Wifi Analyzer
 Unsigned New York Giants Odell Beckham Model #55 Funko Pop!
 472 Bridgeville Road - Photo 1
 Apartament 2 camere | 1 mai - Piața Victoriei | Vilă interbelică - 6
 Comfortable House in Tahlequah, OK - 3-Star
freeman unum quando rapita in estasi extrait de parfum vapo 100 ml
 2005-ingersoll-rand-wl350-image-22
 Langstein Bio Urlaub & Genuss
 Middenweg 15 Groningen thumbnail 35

____

### What needs to be done
Write out every line of the records exactly.

### Completed task
Wifi Analyzer
 Unsigned New York Giants Odell Beckham Model #55 Funko Pop!
 472 Bridgeville Road - Photo 1
 Apartament 2 camere | 1 mai - Piața Victoriei | Vilă interbelică - 6
 Comfortable House in Tahlequah, OK - 3-Star
freeman unum quando rapita in estasi extrait de parfum vapo 100 ml
 2005-ingersoll-rand-wl350-image-22
 Langstein Bio Urlaub & Genuss
 Middenweg 15 Groningen thumbnail 35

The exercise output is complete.